Turkel S B, Overturf G D
Cancer. 1977 Jul;40(1):226-33. doi: 10.1002/1097-0142(197707)40:1<226::aid-cncr2820400135>3.0.co;2-1.
A 59-year-old man is presented who had immunoblastic lymphadenopathy which evolved over a three-year period into immunoblastic sarcoma. His course was complicated by vaccinia necrosum, which necessitated prolonged therapy with Marboran and vaccinia-immune globulin. The persistence of virus was documented at autopsy by positive viral culture and ultra-structural examination.

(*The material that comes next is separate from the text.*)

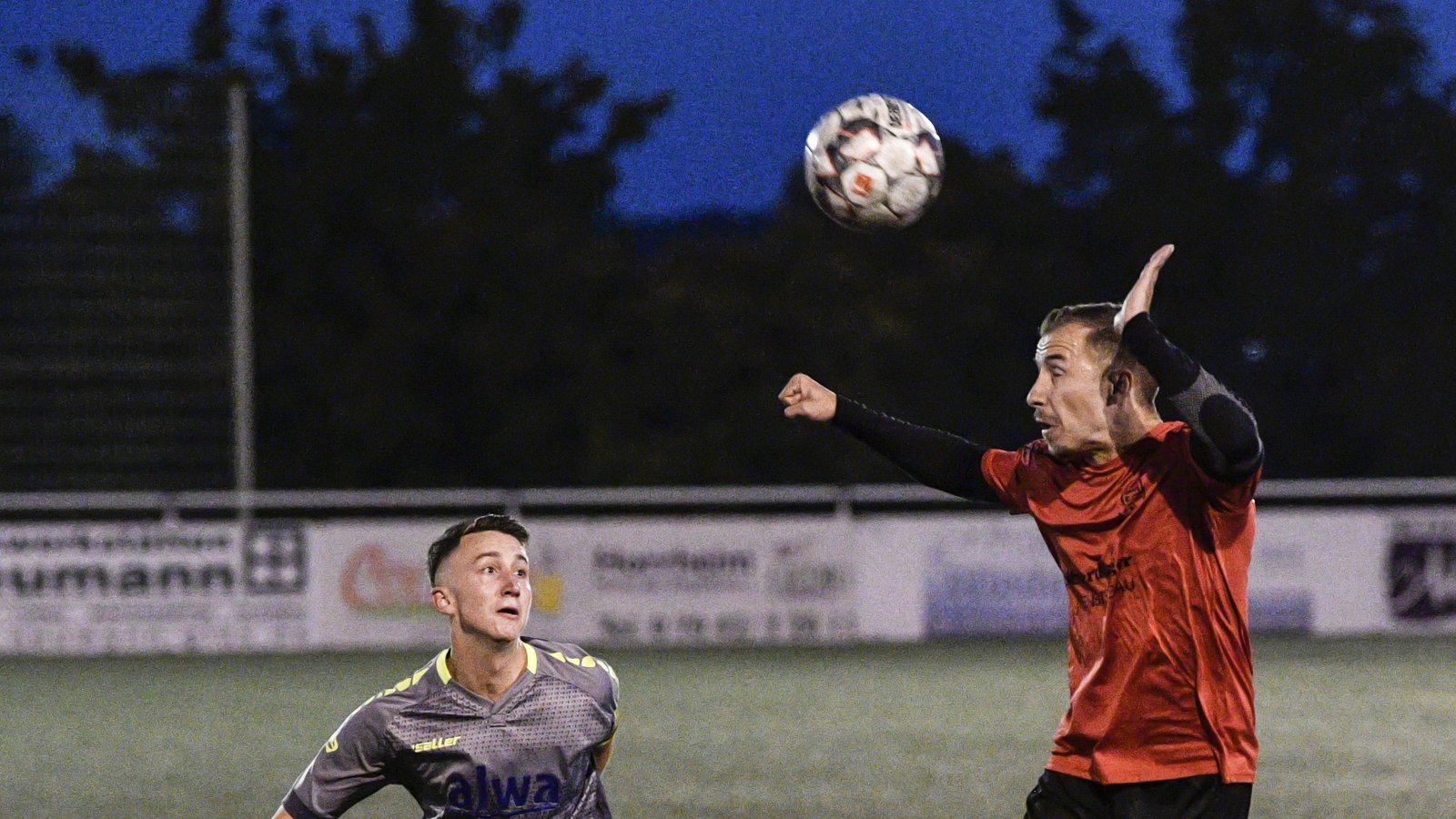 Sachsenheims Luca Decker (rechts) klärt vor Jonas Neuffer, doch am Ende zieht die SGM Hohenhaslach/Freudental ins Viertelfinale ein. Foto: Leitner Sachsenheims Luca Decker (rechts) klärt vor Jonas Neuffer, doch am Ende zieht die SGM Hohenhaslach/Freudental ins Viertelfinale ein. Foto: Leitner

This case illustrates the potential hazards of administration of live viral vaccines to an immune compromised host presumed to be in remission and suggests that the continued activity of viral infection may signal the unsuspected persistence of underlying disease.
一名59岁男性患者,患有免疫母细胞性淋巴结病,病程长达三年,之后演变成免疫母细胞肉瘤。其病情因牛痘坏死而复杂化,需要长期使用马尔波罗(异环磷酰胺)和牛痘免疫球蛋白进行治疗。尸检时通过病毒培养阳性和超微结构检查证实病毒持续存在。该病例说明了对假定处于缓解期的免疫功能低下宿主接种活病毒疫苗的潜在危害,并表明病毒感染的持续活动可能预示着潜在疾病的未被怀疑的持续存在。